Sin María Félix, el cine mexicano no hubiera recorrido tantos escenarios durante las décadas del 40 y del 50 del siglo XX.
Anunciar su arribo a La Habana y tenerla efectivamente en la capital cubana, era una noticia capaz de vender la edición completa de cualquier diario.
Llegó desde Mérida el 26 de octubre de 1949 y acerca de cómo la recibieron, dejemos que ella misma lo diga: “Yo tenía referencias de cómo me querían en La Habana, pero lo de esta tarde ha sido más de lo que esperaba”.
Se alojó en el Hotel Nacional, y necesidad tuvo en más de una ocasión de protección policial, porque los admiradores no se contentaban con verla, obsequiarle flores y dedicarle algún que otro poema: querían algo tangible… y hubo quien tiró de su vestido en el afán por conservar un recuerdo material de María Bonita.
La publicidad desplegó todos sus medios durante aquellos cinco días, los debates políticos pasaron a segundo plano y el pandillerismo que agitaba la ciudad se tranquilizó un tanto para que la gran estrella durmiera plácidamente en sus noches habaneras. Mientras, la prensa reproducía su rostro, sus declaraciones y ella lo pasaba inolvidablemente bien.
De nuevo en La Habana se presentó María, vestida de blanco y majestuosa, con el solsticio de verano del año de 1955. Se alojó en el hotel Comodoro del barrio de Miramar y accedió a responder cuantas preguntas quisieran hacerle los reporteros. Al de la revista Bohemia aseguró que uno de los sueños de Jorge Negrete y de ella era venir juntos, pero que la muerte de aquel, en 1953, se había interpuesto.
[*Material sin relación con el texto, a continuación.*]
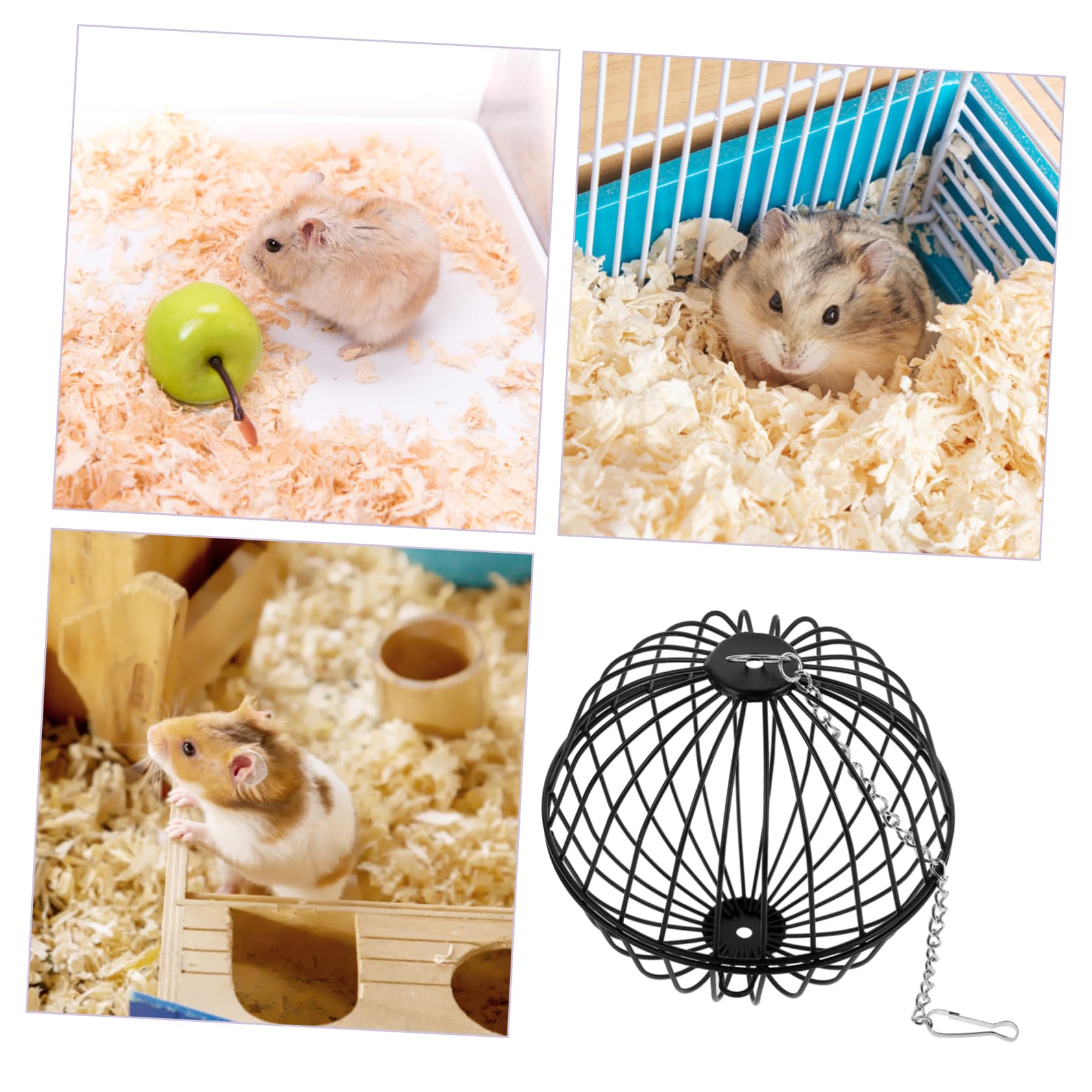 Milisten 2 Ensembles Nourrir Les Balles du Lanceur Râtelier À Foin Cage Boule De Foin pour Petits Animaux Foins Grille d'alimentation Auto Boule De Foin De Lapin Le Fer Black 3 Pièces * 2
Por la fecha de sus presentaciones de 1955 en el cabaret Montmartre y el escenario de Radio Centro (hoy lo ocupa el cine Yara), María acumulaba una filmografía importante. Trece años habían transcurrido desde que diera pruebas de su talento en El Peñón de las Ánimas, a la que sucedieron otras cintas de éxito, entre ellas Enamorada, de 1946; Río Escondido, de 1947; Mare Nostrum, de 1948; Una mujer cualquiera, de 1949; La noche del sábado, de 1950; La corazonada, filmada un año después; French can-can, de 1954 y varias más que los cinéfilos cubanos aguardaban ansiosos para disfrutarlas a plenitud.